- **PROBLEM REQUIREMENTS**
Give back exactly the lines of the data below, starting with the line that has "Süperlife Erkek Bisiklet" and going on through the line that has "Tuin Sofa Set".
*** Opening SOURCE DATA ***
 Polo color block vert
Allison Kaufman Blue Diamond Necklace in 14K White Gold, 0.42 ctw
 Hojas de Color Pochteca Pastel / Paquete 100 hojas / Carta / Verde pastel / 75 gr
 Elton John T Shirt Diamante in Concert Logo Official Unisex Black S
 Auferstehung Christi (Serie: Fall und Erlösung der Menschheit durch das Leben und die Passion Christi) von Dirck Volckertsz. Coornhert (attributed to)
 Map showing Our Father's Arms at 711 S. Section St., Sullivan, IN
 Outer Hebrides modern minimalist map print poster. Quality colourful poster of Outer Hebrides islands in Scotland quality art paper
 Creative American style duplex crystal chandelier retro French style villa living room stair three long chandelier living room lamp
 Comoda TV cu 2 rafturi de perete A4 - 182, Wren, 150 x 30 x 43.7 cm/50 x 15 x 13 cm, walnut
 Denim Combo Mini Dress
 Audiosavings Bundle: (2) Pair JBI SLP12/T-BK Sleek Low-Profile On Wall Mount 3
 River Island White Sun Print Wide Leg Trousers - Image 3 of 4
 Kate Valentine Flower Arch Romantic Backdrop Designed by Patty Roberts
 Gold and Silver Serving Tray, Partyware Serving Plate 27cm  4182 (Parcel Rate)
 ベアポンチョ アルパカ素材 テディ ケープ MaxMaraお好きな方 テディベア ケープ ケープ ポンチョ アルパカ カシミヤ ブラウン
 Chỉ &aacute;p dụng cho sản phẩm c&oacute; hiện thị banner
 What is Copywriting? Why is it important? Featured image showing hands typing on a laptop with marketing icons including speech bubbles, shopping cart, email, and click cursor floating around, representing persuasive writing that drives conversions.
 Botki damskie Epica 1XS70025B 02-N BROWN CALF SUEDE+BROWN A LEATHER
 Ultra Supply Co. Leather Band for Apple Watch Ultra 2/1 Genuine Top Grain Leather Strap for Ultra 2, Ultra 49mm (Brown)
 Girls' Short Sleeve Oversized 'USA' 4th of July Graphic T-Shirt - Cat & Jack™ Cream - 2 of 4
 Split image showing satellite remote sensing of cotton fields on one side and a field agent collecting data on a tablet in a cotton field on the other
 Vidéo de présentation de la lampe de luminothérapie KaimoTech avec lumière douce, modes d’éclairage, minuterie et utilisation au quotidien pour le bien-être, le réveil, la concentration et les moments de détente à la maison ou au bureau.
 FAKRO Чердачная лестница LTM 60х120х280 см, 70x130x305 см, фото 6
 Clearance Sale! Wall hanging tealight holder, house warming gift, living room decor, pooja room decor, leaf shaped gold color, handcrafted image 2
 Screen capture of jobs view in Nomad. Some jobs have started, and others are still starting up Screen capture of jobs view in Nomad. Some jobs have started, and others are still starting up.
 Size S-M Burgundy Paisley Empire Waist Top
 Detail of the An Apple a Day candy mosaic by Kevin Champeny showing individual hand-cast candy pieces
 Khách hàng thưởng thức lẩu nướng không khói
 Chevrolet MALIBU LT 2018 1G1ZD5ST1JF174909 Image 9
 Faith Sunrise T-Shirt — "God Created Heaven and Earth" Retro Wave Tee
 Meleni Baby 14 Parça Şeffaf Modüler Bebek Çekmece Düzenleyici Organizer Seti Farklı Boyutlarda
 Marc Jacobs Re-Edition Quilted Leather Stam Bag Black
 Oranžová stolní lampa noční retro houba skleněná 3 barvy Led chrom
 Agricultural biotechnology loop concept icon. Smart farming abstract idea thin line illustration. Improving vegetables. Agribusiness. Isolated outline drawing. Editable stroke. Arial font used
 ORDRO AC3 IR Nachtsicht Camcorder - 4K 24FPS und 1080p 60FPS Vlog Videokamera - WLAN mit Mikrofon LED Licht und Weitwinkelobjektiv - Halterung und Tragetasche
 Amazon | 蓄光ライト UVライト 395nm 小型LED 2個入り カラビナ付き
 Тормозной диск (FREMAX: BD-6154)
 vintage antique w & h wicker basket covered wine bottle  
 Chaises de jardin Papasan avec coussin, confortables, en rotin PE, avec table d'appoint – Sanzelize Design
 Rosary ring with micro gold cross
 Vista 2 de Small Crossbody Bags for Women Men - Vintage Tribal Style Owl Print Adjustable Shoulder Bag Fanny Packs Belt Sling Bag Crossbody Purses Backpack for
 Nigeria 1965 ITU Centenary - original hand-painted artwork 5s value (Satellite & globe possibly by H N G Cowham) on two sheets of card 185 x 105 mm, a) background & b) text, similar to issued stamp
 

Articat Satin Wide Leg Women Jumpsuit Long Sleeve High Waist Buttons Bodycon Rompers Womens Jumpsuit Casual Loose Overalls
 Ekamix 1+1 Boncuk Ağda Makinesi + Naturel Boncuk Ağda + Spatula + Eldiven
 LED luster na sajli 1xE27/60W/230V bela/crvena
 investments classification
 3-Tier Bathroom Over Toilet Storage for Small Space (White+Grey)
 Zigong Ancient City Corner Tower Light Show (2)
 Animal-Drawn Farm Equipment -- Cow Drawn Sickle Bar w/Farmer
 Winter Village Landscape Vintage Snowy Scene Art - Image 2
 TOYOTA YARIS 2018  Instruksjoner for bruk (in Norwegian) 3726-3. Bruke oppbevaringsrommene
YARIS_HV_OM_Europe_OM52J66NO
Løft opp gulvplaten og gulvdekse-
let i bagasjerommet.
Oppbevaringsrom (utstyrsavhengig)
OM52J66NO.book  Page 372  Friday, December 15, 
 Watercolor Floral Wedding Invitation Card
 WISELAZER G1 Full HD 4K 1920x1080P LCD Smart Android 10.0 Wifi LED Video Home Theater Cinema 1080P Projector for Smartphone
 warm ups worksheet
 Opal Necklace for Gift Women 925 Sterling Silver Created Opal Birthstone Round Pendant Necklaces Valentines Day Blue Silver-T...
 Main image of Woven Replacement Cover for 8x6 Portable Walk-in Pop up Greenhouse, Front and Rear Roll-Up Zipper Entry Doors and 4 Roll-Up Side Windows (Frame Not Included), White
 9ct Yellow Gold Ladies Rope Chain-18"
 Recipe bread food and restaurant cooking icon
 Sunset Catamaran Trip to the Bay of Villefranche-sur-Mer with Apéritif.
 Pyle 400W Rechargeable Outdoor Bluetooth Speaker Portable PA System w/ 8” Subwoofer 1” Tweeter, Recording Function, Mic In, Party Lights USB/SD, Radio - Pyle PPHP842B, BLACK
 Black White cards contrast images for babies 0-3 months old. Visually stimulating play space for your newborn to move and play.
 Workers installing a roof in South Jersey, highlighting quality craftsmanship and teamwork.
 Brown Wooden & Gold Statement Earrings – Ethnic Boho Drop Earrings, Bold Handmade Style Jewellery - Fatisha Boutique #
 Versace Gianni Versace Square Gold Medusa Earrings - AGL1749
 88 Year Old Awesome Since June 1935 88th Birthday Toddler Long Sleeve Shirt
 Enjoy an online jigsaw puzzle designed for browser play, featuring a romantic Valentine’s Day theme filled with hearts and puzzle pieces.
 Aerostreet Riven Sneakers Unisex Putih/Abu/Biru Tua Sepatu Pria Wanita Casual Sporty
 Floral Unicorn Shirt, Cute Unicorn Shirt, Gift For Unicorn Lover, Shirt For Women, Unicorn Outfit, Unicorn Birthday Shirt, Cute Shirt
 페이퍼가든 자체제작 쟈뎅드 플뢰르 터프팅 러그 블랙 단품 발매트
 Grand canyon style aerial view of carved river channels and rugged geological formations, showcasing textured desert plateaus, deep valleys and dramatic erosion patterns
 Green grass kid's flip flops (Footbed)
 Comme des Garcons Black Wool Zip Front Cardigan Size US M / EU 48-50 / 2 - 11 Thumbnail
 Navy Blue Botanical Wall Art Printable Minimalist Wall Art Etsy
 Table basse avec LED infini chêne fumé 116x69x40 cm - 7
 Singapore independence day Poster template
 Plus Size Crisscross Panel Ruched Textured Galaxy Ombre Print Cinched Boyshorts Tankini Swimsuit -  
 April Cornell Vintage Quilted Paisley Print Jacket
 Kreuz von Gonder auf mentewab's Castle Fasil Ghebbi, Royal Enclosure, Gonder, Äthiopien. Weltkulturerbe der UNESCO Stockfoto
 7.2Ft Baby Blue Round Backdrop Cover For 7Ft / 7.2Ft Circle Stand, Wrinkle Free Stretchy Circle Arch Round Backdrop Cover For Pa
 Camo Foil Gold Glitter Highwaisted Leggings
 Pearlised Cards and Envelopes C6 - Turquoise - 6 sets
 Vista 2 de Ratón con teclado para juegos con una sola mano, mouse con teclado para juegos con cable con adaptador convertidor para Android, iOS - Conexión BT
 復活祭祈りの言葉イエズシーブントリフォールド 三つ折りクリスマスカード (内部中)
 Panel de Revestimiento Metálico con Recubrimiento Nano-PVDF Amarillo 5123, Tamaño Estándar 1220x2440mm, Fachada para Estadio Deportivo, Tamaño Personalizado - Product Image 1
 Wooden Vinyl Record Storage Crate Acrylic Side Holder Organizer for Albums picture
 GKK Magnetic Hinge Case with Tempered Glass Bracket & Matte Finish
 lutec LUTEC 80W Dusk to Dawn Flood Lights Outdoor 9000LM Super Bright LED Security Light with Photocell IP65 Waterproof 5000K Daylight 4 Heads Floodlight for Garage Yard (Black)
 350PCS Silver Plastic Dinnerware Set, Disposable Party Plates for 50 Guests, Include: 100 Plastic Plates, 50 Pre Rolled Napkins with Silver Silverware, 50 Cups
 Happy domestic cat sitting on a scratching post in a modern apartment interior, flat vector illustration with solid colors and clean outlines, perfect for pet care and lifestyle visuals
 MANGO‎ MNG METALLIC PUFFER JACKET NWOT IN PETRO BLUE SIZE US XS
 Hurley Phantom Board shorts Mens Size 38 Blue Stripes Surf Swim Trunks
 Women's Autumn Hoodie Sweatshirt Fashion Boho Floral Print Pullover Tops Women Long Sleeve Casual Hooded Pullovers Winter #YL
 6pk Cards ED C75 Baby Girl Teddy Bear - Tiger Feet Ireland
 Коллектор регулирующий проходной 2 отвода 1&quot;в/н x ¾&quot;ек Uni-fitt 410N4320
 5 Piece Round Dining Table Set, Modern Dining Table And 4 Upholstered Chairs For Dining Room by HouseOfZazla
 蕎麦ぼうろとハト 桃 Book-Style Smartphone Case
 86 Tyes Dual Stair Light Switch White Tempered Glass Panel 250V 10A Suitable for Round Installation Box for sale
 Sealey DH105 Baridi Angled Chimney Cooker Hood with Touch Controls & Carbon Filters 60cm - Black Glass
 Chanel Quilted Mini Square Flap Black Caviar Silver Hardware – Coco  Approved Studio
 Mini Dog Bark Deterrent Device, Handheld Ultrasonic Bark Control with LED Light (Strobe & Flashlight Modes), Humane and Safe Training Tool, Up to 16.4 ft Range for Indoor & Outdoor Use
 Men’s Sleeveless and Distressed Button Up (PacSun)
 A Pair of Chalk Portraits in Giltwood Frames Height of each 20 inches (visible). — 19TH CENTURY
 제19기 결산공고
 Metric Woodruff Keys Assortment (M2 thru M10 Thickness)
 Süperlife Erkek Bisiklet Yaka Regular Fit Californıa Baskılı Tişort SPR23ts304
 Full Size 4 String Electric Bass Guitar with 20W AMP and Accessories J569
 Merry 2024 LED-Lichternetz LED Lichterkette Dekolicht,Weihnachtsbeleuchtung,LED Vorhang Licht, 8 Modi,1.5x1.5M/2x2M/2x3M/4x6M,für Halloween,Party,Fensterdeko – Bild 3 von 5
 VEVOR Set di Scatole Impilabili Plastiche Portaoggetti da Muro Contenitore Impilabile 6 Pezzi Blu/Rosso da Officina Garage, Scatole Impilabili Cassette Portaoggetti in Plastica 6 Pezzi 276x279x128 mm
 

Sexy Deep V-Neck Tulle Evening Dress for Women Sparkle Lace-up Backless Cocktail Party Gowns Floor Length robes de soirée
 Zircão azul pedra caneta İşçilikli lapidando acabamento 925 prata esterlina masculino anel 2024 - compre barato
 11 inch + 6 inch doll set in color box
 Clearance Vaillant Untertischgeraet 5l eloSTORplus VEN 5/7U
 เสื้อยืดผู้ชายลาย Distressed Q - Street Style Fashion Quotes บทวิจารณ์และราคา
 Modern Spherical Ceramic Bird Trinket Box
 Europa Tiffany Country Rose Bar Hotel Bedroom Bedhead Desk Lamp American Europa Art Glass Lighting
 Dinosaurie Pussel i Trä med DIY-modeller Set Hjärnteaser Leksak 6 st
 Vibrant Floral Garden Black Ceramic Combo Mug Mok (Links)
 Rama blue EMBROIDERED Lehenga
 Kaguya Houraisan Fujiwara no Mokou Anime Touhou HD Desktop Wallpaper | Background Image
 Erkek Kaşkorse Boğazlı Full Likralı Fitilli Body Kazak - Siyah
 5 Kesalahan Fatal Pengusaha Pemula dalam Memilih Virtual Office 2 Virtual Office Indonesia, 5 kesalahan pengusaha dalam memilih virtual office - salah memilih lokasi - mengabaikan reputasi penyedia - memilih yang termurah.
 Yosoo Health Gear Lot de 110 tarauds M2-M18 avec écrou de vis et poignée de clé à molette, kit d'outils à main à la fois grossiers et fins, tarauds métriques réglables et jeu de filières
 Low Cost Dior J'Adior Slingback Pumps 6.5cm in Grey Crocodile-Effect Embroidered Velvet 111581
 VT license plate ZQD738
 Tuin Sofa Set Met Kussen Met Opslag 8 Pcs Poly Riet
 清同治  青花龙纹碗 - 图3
*** Closing SOURCE DATA ***
- **WORKED SOLUTION**
 Süperlife Erkek Bisiklet Yaka Regular Fit Californıa Baskılı Tişort SPR23ts304
 Full Size 4 String Electric Bass Guitar with 20W AMP and Accessories J569
 Merry 2024 LED-Lichternetz LED Lichterkette Dekolicht,Weihnachtsbeleuchtung,LED Vorhang Licht, 8 Modi,1.5x1.5M/2x2M/2x3M/4x6M,für Halloween,Party,Fensterdeko – Bild 3 von 5
 VEVOR Set di Scatole Impilabili Plastiche Portaoggetti da Muro Contenitore Impilabile 6 Pezzi Blu/Rosso da Officina Garage, Scatole Impilabili Cassette Portaoggetti in Plastica 6 Pezzi 276x279x128 mm
 

Sexy Deep V-Neck Tulle Evening Dress for Women Sparkle Lace-up Backless Cocktail Party Gowns Floor Length robes de soirée
 Zircão azul pedra caneta İşçilikli lapidando acabamento 925 prata esterlina masculino anel 2024 - compre barato
 11 inch + 6 inch doll set in color box
 Clearance Vaillant Untertischgeraet 5l eloSTORplus VEN 5/7U
 เสื้อยืดผู้ชายลาย Distressed Q - Street Style Fashion Quotes บทวิจารณ์และราคา
 Modern Spherical Ceramic Bird Trinket Box
 Europa Tiffany Country Rose Bar Hotel Bedroom Bedhead Desk Lamp American Europa Art Glass Lighting
 Dinosaurie Pussel i Trä med DIY-modeller Set Hjärnteaser Leksak 6 st
 Vibrant Floral Garden Black Ceramic Combo Mug Mok (Links)
 Rama blue EMBROIDERED Lehenga
 Kaguya Houraisan Fujiwara no Mokou Anime Touhou HD Desktop Wallpaper | Background Image
 Erkek Kaşkorse Boğazlı Full Likralı Fitilli Body Kazak - Siyah
 5 Kesalahan Fatal Pengusaha Pemula dalam Memilih Virtual Office 2 Virtual Office Indonesia, 5 kesalahan pengusaha dalam memilih virtual office - salah memilih lokasi - mengabaikan reputasi penyedia - memilih yang termurah.
 Yosoo Health Gear Lot de 110 tarauds M2-M18 avec écrou de vis et poignée de clé à molette, kit d'outils à main à la fois grossiers et fins, tarauds métriques réglables et jeu de filières
 Low Cost Dior J'Adior Slingback Pumps 6.5cm in Grey Crocodile-Effect Embroidered Velvet 111581
 VT license plate ZQD738
 Tuin Sofa Set Met Kussen Met Opslag 8 Pcs Poly Riet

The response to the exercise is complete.